» Your goal
Where in the records does the word "Vintage" appear? Copy each line that holds it.

(Crawled caption data)
——

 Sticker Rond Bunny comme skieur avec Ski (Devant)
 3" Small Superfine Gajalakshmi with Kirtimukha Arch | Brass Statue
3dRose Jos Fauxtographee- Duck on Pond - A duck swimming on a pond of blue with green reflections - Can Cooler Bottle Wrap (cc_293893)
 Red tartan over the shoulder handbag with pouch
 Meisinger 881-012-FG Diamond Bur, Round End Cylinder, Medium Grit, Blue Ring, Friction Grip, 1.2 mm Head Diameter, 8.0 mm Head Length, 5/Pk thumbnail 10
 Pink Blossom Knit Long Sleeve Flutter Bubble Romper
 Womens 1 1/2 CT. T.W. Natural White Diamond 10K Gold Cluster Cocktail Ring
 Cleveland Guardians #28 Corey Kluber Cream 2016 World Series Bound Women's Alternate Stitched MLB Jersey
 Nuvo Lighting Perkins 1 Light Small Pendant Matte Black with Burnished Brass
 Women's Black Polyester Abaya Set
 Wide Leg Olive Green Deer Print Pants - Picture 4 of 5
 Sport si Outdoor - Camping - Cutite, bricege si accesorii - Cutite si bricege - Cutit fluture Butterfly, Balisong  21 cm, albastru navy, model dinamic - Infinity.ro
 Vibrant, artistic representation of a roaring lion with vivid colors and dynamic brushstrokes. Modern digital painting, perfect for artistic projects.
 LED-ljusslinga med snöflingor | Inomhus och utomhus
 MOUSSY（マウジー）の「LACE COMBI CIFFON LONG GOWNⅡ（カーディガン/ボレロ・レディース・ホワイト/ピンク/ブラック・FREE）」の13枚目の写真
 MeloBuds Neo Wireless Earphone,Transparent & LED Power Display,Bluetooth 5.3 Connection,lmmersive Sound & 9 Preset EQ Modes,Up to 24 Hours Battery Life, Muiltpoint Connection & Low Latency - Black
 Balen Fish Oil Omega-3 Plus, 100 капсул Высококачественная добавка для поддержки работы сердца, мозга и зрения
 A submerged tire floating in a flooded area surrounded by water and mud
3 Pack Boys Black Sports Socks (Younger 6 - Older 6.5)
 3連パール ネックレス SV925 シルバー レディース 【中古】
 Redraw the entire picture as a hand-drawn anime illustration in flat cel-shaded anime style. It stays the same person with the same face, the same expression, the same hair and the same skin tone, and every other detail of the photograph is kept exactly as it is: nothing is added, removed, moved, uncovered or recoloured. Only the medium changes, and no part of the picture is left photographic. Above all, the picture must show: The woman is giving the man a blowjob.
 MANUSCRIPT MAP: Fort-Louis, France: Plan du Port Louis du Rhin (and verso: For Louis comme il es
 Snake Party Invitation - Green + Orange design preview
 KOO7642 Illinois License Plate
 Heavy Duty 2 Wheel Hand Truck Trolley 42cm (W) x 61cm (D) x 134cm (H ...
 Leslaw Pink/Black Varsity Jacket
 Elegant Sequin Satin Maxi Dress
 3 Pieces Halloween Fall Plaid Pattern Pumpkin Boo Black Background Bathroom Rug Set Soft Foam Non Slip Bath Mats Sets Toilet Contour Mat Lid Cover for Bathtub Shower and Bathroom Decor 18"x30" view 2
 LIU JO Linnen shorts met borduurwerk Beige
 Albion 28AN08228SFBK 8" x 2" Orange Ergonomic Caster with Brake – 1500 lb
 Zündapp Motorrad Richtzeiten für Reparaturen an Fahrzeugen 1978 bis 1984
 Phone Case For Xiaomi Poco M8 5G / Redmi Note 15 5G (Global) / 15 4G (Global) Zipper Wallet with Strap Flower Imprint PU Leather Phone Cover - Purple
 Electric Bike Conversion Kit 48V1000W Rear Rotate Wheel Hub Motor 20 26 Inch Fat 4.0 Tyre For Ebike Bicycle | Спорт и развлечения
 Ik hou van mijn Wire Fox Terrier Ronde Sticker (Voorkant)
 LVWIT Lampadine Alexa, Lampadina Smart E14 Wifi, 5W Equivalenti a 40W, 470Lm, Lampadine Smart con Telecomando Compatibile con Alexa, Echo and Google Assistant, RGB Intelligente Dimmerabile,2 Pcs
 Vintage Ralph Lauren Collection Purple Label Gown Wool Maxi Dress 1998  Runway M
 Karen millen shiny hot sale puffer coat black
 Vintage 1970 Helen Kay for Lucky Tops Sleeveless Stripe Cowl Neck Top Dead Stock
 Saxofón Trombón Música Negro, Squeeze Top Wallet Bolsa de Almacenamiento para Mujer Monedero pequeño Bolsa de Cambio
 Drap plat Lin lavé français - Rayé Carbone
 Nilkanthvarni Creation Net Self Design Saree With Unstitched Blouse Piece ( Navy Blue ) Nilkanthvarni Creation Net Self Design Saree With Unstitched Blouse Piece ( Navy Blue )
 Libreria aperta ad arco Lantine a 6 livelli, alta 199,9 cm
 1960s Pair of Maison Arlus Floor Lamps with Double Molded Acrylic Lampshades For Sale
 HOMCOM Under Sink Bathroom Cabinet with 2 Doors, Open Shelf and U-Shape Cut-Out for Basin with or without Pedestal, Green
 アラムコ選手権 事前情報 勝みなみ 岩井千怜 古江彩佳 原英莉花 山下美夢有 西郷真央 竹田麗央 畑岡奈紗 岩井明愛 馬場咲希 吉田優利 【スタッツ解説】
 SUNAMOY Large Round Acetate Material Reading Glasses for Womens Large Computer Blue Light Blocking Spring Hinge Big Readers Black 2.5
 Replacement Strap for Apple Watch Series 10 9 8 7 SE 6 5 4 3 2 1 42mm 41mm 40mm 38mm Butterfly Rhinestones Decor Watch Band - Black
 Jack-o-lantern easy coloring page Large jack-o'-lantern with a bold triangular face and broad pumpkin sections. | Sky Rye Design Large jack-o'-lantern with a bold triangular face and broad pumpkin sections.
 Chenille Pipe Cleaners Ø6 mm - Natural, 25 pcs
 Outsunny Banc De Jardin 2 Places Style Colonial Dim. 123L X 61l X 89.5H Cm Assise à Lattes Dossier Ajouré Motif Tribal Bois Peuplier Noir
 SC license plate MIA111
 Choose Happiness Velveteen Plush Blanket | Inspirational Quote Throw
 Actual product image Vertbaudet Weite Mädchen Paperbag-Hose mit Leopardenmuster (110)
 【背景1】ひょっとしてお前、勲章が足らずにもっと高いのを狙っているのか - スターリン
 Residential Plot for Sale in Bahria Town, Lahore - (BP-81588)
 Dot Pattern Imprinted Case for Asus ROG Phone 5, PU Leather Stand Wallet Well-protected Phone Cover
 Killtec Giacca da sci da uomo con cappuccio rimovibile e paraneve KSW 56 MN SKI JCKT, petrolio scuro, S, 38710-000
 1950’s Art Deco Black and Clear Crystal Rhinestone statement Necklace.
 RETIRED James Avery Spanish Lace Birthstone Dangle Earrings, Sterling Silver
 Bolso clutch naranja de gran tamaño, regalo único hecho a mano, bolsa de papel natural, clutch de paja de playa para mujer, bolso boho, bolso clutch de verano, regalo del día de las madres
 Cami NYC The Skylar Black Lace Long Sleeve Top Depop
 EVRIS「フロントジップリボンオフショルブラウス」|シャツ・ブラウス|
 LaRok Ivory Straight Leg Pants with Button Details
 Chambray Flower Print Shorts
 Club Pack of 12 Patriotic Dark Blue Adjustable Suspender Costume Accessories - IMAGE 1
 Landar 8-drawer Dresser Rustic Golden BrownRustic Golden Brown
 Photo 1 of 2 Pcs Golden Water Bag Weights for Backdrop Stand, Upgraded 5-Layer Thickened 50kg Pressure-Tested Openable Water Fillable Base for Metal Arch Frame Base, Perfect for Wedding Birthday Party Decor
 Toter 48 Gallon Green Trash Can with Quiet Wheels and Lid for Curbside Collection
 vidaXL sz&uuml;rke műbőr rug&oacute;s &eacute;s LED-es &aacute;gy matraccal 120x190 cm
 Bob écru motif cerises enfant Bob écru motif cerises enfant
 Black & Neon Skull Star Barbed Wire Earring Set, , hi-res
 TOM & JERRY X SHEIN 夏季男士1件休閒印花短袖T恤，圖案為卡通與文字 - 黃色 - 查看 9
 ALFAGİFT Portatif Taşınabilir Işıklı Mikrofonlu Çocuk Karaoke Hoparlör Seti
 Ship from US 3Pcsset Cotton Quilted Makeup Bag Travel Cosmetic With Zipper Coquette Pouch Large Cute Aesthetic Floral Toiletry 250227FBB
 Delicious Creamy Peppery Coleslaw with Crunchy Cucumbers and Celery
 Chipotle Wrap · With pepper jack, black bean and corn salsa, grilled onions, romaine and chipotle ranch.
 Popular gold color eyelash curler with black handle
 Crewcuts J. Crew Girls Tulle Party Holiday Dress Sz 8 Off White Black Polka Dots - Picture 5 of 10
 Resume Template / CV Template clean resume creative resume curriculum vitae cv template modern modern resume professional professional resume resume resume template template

——

» Output for this exercise
 Vintage Ralph Lauren Collection Purple Label Gown Wool Maxi Dress 1998  Runway M
 Vintage 1970 Helen Kay for Lucky Tops Sleeveless Stripe Cowl Neck Top Dead Stock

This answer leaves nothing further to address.